To solidify the regional government’s focus on literacy, Barmm approved in May last year the Education Code, one of six primary codes of laws that the Barmm should pass. The Bangsamoro Education Code (BTA Bill 70) is the act “providing for the establishment, maintenance and support of a complete and integrated system of quality education in the Bangsamoro.”
Iqbal, who filed the bill in 2020, said the legislation is “an embodiment of our aspiration for the Bangsamoro children to have a bright future which is an upshot of a quality education.”
He said it was not the goal to develop a “perfect” Bangsamoro education code, but rather, one that includes significant provisions that will enhance the region’s education system, and will protect the well-being and rights of the teachers and nonteaching staff, parents and learners.
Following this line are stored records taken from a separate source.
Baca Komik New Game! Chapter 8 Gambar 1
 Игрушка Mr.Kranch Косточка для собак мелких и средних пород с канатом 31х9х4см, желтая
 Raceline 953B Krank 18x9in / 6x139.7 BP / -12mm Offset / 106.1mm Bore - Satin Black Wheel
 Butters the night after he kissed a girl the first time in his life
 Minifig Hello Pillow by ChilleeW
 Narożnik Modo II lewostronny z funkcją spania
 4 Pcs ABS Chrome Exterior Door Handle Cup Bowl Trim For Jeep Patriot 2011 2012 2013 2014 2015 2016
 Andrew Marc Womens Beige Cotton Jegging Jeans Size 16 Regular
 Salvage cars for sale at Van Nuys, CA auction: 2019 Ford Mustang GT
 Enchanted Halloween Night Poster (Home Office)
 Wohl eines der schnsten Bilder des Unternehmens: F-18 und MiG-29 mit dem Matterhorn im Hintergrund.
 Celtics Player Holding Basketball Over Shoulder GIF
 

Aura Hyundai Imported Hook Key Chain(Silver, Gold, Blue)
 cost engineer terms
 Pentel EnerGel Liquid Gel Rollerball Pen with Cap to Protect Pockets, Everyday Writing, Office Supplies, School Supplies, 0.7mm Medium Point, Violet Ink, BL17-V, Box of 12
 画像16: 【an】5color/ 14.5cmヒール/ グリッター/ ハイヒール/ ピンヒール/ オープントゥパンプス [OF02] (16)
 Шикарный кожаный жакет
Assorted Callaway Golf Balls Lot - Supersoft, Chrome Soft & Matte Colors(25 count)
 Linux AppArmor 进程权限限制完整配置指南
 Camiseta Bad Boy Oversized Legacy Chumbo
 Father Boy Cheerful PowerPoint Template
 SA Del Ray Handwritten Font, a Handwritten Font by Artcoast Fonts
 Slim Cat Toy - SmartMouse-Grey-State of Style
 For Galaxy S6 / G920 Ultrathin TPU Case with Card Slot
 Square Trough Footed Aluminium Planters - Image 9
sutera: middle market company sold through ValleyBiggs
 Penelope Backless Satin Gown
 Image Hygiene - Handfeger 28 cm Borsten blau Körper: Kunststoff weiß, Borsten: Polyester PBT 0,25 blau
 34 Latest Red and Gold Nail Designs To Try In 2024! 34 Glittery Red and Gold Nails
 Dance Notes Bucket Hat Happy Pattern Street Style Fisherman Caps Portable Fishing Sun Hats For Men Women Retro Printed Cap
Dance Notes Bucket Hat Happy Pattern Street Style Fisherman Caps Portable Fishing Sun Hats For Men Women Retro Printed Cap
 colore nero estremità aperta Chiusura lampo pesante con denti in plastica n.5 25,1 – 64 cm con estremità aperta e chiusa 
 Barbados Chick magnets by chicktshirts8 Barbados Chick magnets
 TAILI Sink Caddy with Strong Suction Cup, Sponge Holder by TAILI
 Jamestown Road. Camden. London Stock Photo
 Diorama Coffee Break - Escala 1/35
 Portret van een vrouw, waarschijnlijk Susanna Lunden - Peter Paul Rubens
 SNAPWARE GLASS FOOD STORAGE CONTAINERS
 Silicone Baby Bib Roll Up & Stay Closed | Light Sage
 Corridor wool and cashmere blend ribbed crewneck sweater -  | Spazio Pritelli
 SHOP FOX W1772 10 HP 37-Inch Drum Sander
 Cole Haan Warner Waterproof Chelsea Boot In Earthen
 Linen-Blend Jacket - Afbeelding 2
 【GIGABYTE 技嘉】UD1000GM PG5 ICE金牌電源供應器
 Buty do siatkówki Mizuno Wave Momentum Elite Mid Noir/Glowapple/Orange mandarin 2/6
Among the benefits of the code were granting special eligibility for Madrasah teachers, or those teaching Arabic, an important education component for the Muslims to undertand the Qur’an, their holy book, which is written in Arabic.
The code has also provided for a tribal university system “to address the higher educational needs of indigenous peoples (IP), provide a school system where the IPs’ language, culture and traditional knowledge of their elders are incorporated in the curricular and extracurricular activities of the students.”
A key element in the code is peace education, “to be a core component of Bangsamoro education system to instill the culture of non-violence, social justice and respect for human rights, freedom and inclusivity.”
“Education is vital not only because it is a priority of the Bangsamoro government’s development plans, but it is the bedrock on which we build the hope and future of the next generations,” said Minister Iqbal.